• Task statement: Every entry must be given again exactly. Include no pictures.

◆ ◆ ◆ ◆ ◆ ◆ ◆

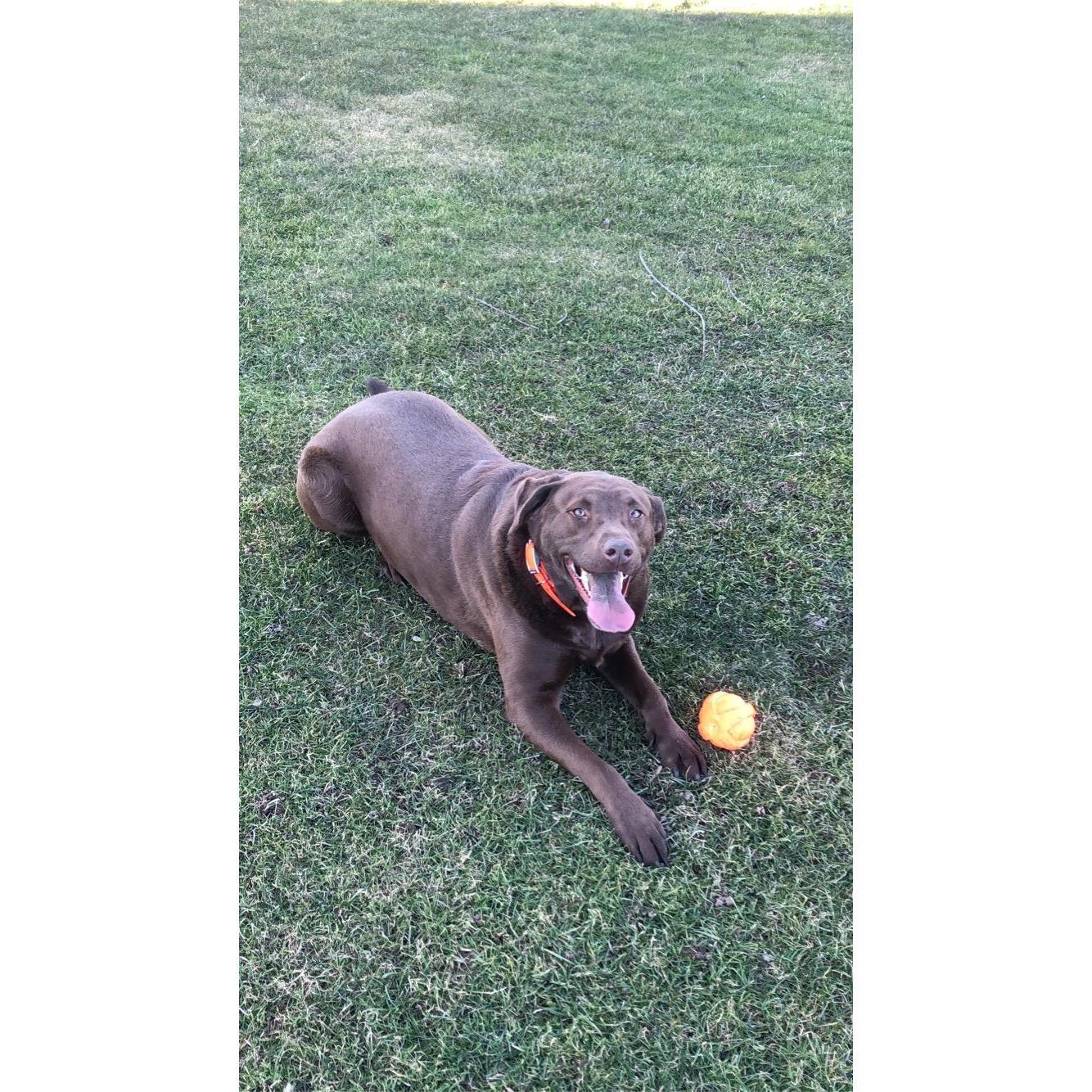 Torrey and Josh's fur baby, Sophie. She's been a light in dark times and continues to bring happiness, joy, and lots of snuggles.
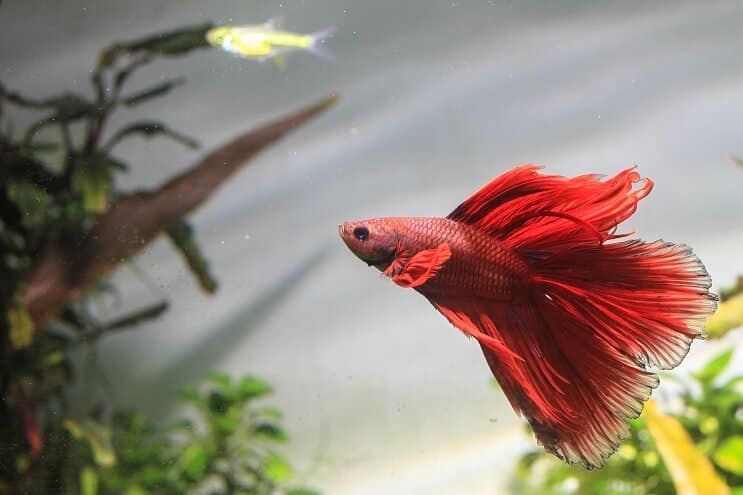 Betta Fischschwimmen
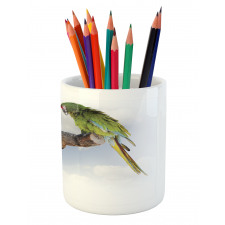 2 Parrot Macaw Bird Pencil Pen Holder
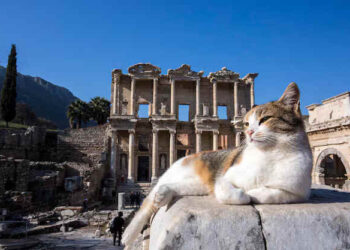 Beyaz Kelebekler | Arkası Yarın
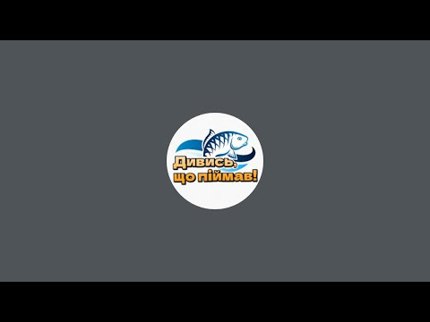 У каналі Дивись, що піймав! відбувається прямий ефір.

◆ ◆ ◆ ◆ ◆ ◆ ◆

• Problem solution:
 Torrey and Josh's fur baby, Sophie. She's been a light in dark times and continues to bring happiness, joy, and lots of snuggles.
 Betta Fischschwimmen
 2 Parrot Macaw Bird Pencil Pen Holder
 Beyaz Kelebekler | Arkası Yarın
 У каналі Дивись, що піймав! відбувається прямий ефір.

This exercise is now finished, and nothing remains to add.